> Assignment: Copy task, pictures excluded: set down exactly the lines from the one containing "Immagine 30 di" to the end of the data below.

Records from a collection

----------

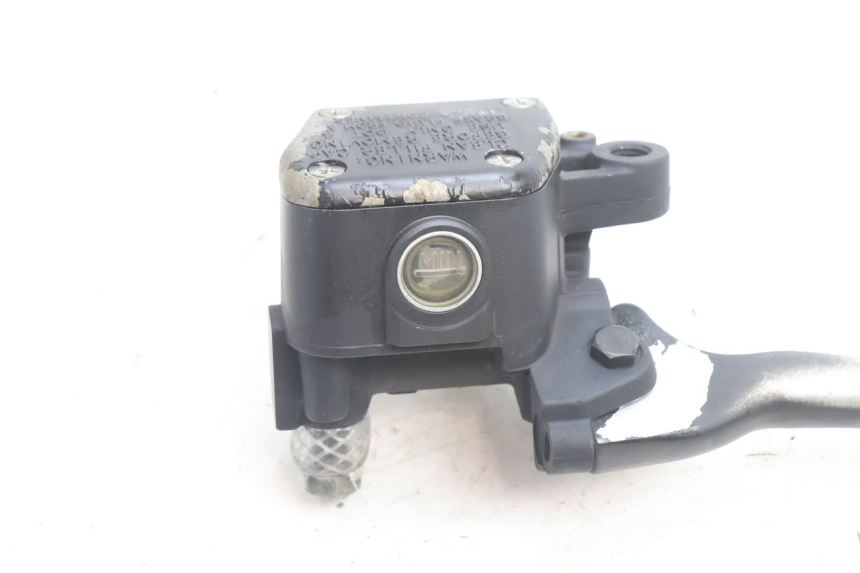photo de REAR BRAKE MASTER CYLINDER APRILIA ATLANTIC S 125 (2010 - 2013) - Fixing points details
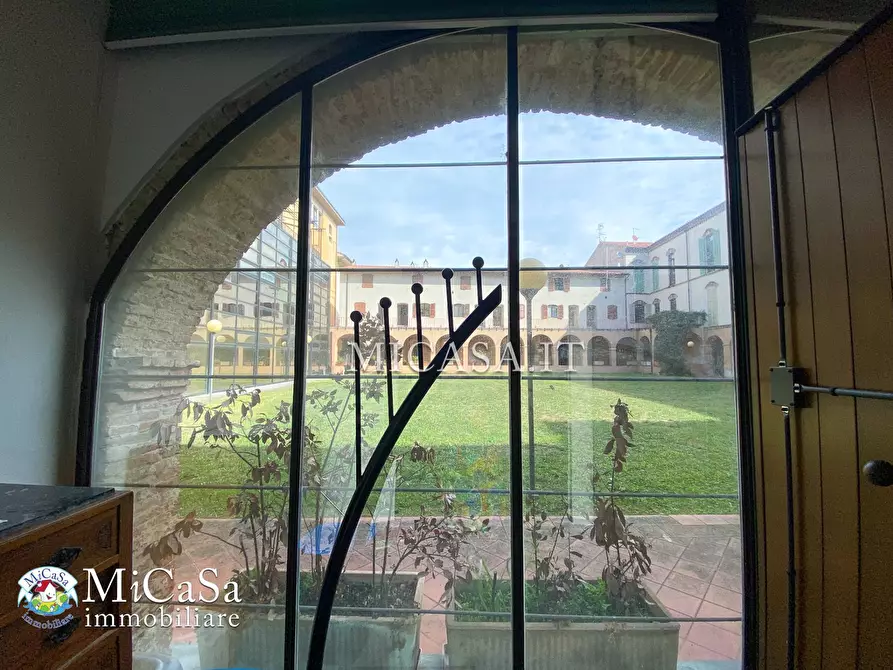 Immagine 30 di Appartamento in vendita  a Pisa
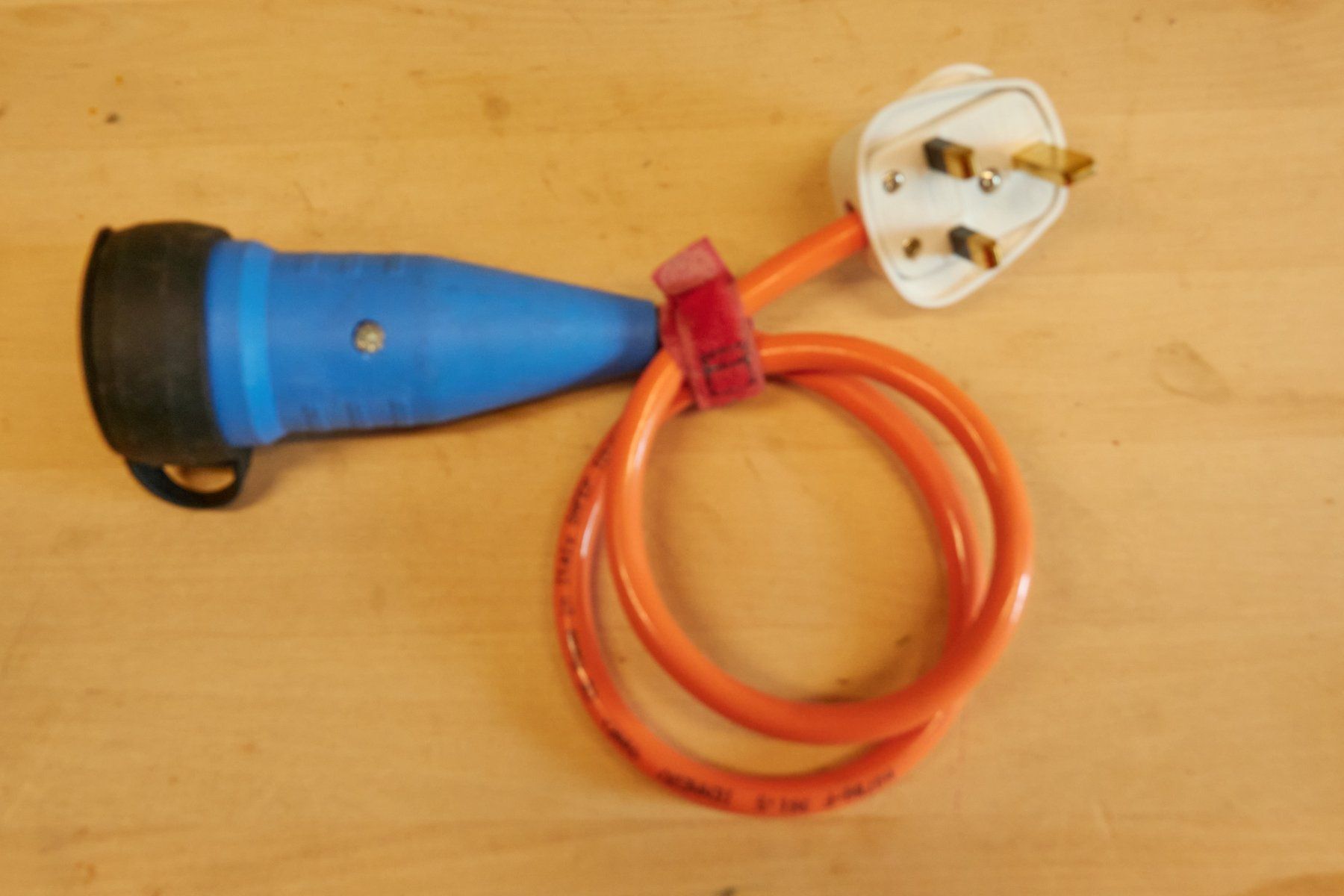 Cavi: Netzkabel-Set für Wohnmobile – Usato da Ipsach venduto da NormanR 6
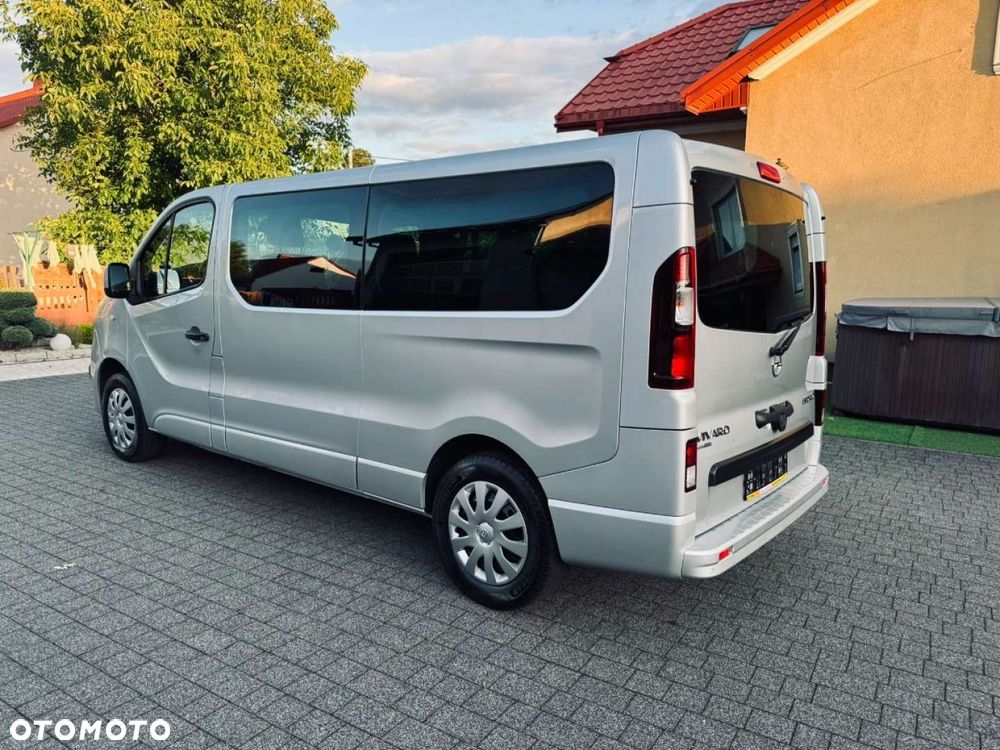 Opel Vivaro - 22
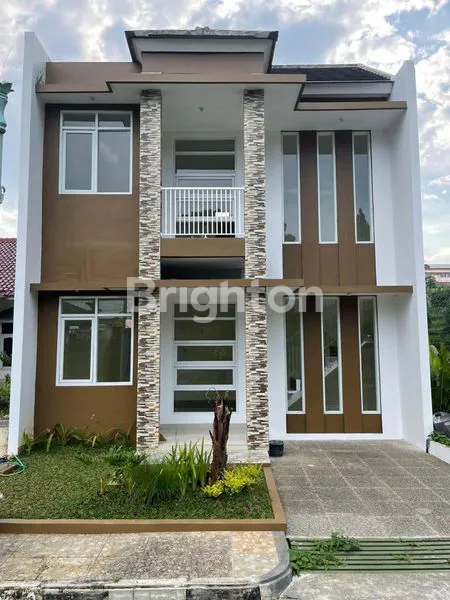 RUMAH BARU 3 LANTAI SIAP HUNI DIKOTA CIMAHI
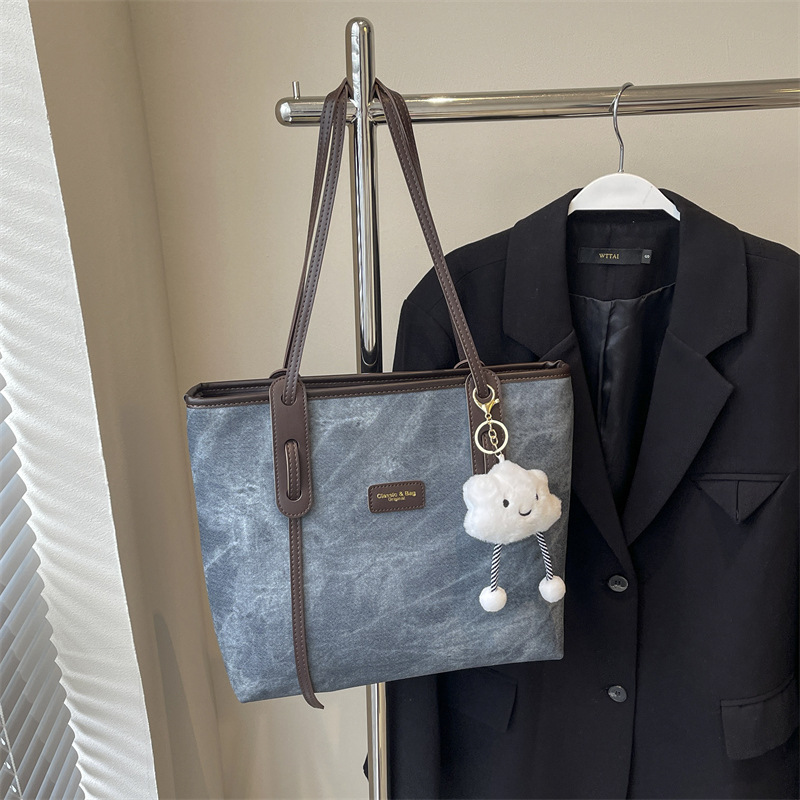 펜던트 블루 첨부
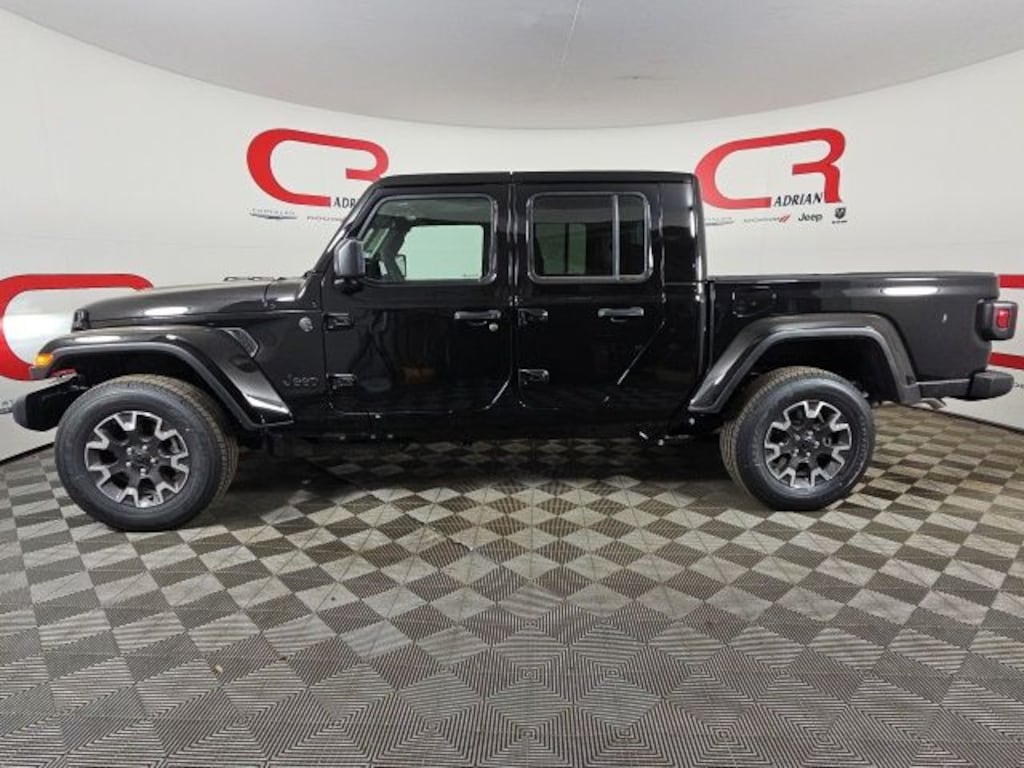 New 2026 Jeep Gladiator SAHARA 4X4 Pickup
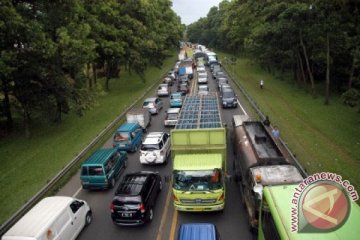 Kendaraan pribadi padati jalur mudik utama Sukabumi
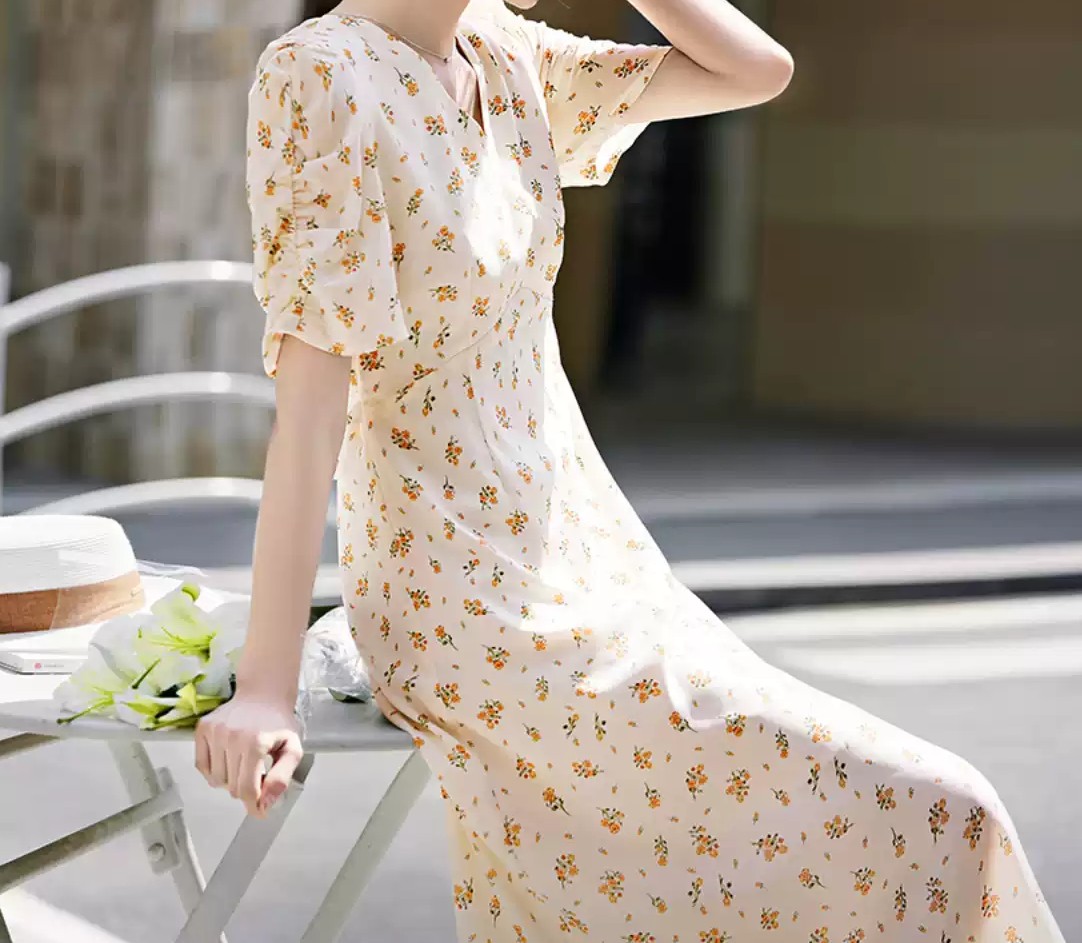 オレンジ花柄ワンピースで春夏の着こなしを華やかに！コーデのポイントと選び方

----------

> Response to the exercise:
 Immagine 30 di Appartamento in vendita  a Pisa
 Cavi: Netzkabel-Set für Wohnmobile – Usato da Ipsach venduto da NormanR 6
 Opel Vivaro - 22
 RUMAH BARU 3 LANTAI SIAP HUNI DIKOTA CIMAHI
 펜던트 블루 첨부
 New 2026 Jeep Gladiator SAHARA 4X4 Pickup
 Kendaraan pribadi padati jalur mudik utama Sukabumi
 オレンジ花柄ワンピースで春夏の着こなしを華やかに！コーデのポイントと選び方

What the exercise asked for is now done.